El misterio de cómo una empresa de transporte puede vivir sin vehículos propios y conductores, y ser de las más grandes del mundo, sigue su curso. Y va más allá. El siguiente paso que pretende dar Uber es ahorrarse las comisiones de los conductores mediante el uso de coches autónomos (autoconducidos). Todavía queda tiempo para que suceda y, además, sí que tendrá que pagar los vehículos, pero seguro que la ecuación está hecha y les salen las cuentas.

La cuestión es que Uber ha comunicado de manera oficial que lleva algún tiempo haciendo pruebas con un coche autónomo para implementarlo en su servicio de transporte de pasajeros. En concreto, las pruebas se están llevando a cabo en Pittsburgh con un Ford Fusion. Todo empezó hace 15 meses en el Centro de Tecnología Avanzada que hay en dicha ciudad.

Después de todos estos meses, y siempre midiendo los tiempos en sus planes de comunicación, Uber ha invitado a un periodista local a dar una vuelta en el coche. Según las primeras palabras del redactor, cree que es “una tecnología incipiente”. Además, asegura que le asombra el entramado de sensores que hace funcionar el coche.

Sobre los experimentos que están llevando a cabo, primero han tenido un proceso cartográfico en el que han radiografiado palmo a palmo toda la ciudad. Y desde hace unas semanas ya están haciendo pruebas con el vehículo.

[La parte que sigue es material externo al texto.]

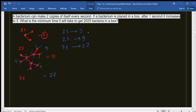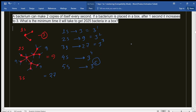There is a clear series here. We can write 3 as 3 to the power 1, nine as 3 to the power 2, and 27 as 3 to the power 3. After four seconds it would be 3 to the power 4, after five seconds 3 to the power 5. So we need to find the value of n such that 3 to the power n is greater than or equal to 2025.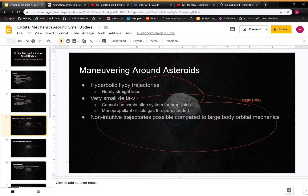You can do this multiple times and reverse your direction as much as you'd like. This is a very small delta-V, meaning you cannot use a combustion system for propulsion because combustion systems are not precise enough for these values — propulsion is well suited for kilometers per second, not accurate for centimeters per second. OSIRIS-REx used monopropellant hydrazine to control the trajectories. These are very non-intuitive trajectories compared to what you'd see for large bodies like Earth, Moon, or Mars.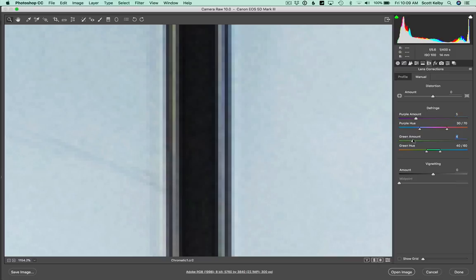Just drag it to the right until it's gone. Don't drag it any further than you need to. Drag it right to where it's, okay, it's gone and it's done.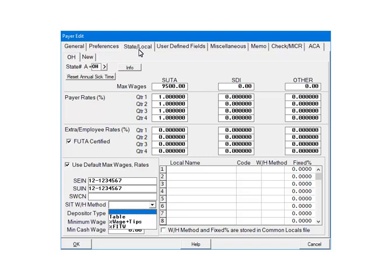The PERCENTAGE OF WAGES PLUS TIPS option calculates the state withholding based on the taxable wages plus tips. The last option, PERCENTAGE OF FEDERAL INCOME TAX WITHHOLDING, calculates the state withholding as a percentage of federal withholding.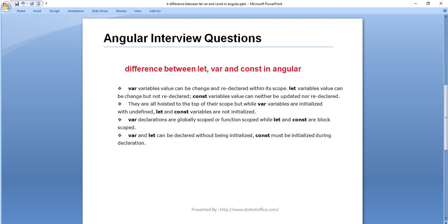For example, if I have a variable a, then in the case of var, I can define var a = 10 and var a = 20. But in the case of let, we can't redeclare it again — like let a = 10, and we can't do let a = 20.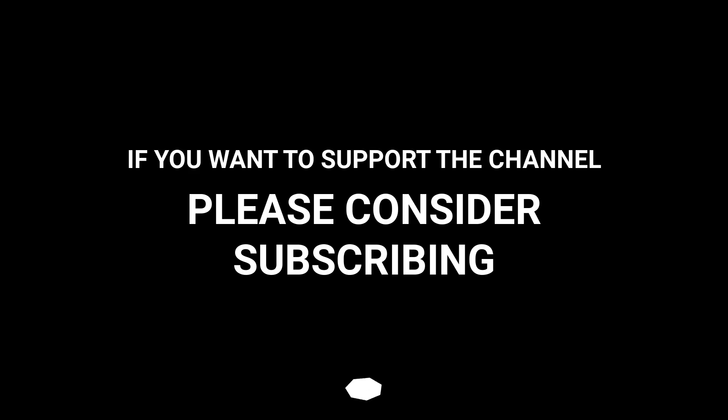If you want to support the channel, please consider subscribing.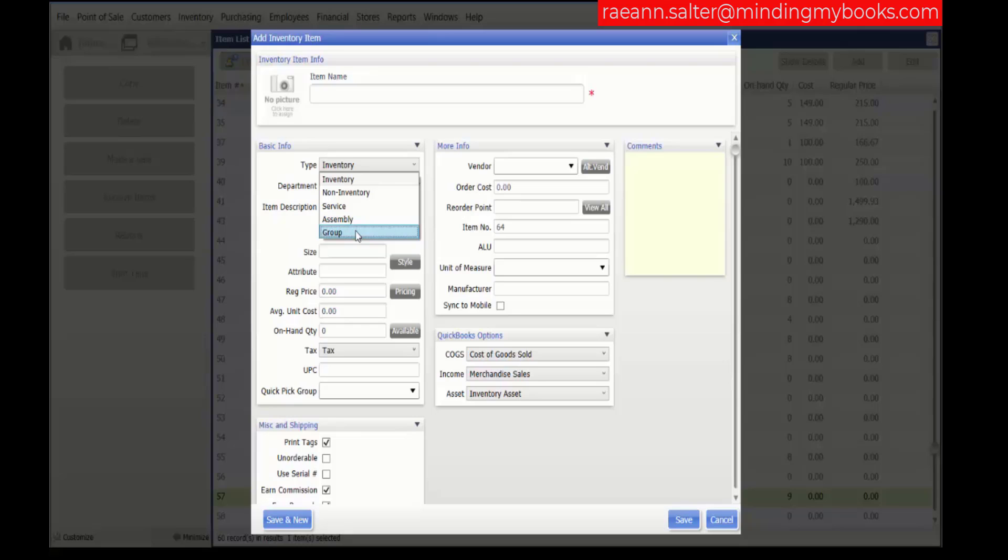I wanted to talk about the different item types to help you understand what item types will work best for your business. That concludes our demonstration.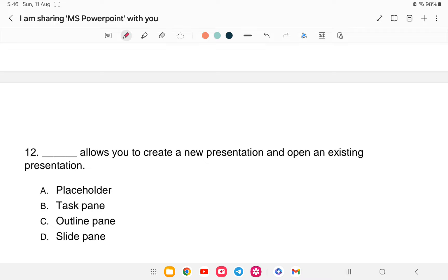Question twelve: which option allows you to create a new presentation and open an existing presentation? Options are: Placeholder, Task Pane, Outline Pane, or Slide Pane. The answer is option B — Task Pane. With this, I would like to conclude. If you like this content, please subscribe and share with friends who are preparing for the exam. Thank you and all the best!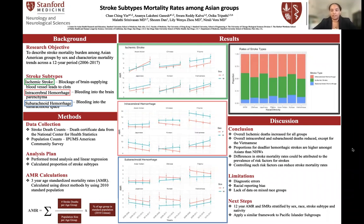In order to collect data on this, we got our data from the death certificate data from the National Center for Health Statistics, or the mortality dataset. We wanted to calculate age-standardized mortality rates, so for that we need denominator data, and we got our population data from IPUMS American Community Survey. We then calculated AMRs based on three-year aggregates.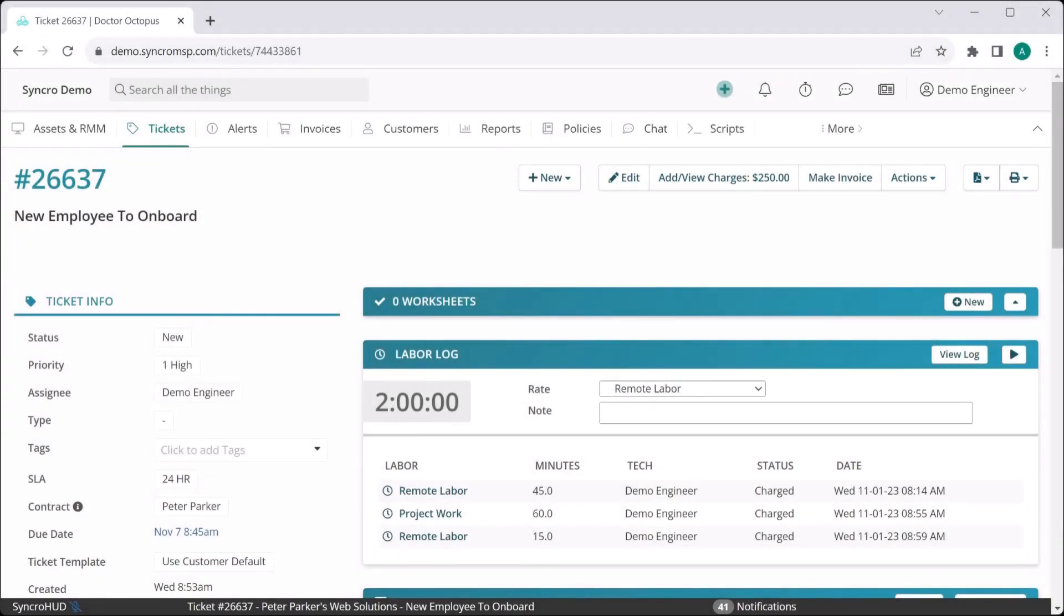Synchro's vision of power through simplicity permeates through every facet of our platform, including the way static tasks are assigned, worked, and logged within our ticketing system.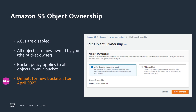By disabling ACLs, all objects will be owned by you and bucket policies will apply to all objects in your bucket. ACLs will be disabled by default for newly created buckets after April 2023.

Una tecnología sin marcha atrás

El futuro de los coches conectados y, lo importante, autotripulados, todavía queda algo lejos. Pero eso no es motivo para que muchas compañías sepan que ese es el camino y haya que estar, desde ya, a la vanguardia.

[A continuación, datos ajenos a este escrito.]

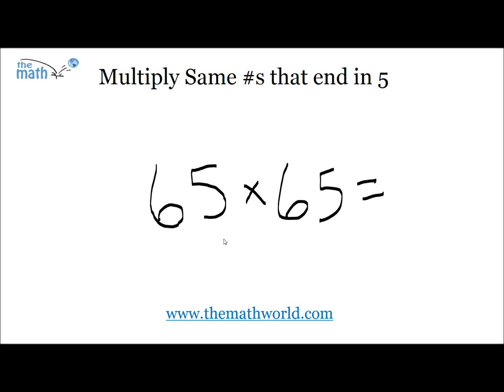Hey everyone, this is Kevin from TheMathWorld.com. Today we're going to be going over a nice little trick: how to multiply the same numbers that end in 5.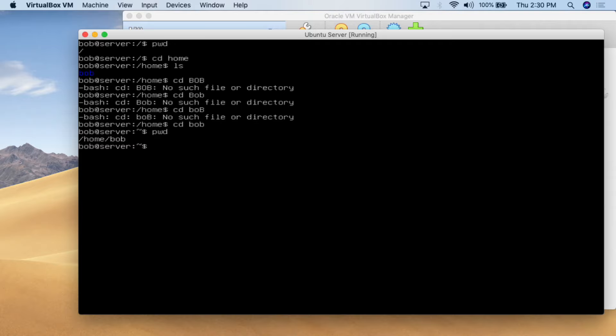So that's how to use the pwd command, how to change directory, how to go up one level with period period, how to do the list with 'ls', 'ls -l', and how to change directory. That's really all there is to basic navigation in Linux. Now you can move through the folder tree in a Linux operating system — go up a level, go down a level, go back to system root, list files and folders in a directory, and list them with permissions and all that kind of information.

Así, Uber se ha unido a Google, Carnegie Mellon y algunas universidades para seguir investigando. A esto se añade que Ford, Google, Lyft, Uber y la división de automóviles de Volvo han formado la Coalición de Autoconducción con el fin de hacer lobby sobre esta tecnología.

Además, aunque este tipo de coches no se espera que lleguen de momento, sí hay que estar posicionados. Por ejemplo, la Administración Nacional de Seguridad del Tráfico en Carreteras de EEUU ya ha manifestado que el próximo mes de julio podría tener los primeros reglamentos que regulan la circulación de estos vehículos.

Todo esto, de momento, está en pruebas. De hecho, desde Uber admiten que el cliente podría tomar el control del vehículo. Es decir, suprimen el conductor para que, llegado el momento, sea el propio usuario el que se lleve a sí mismo.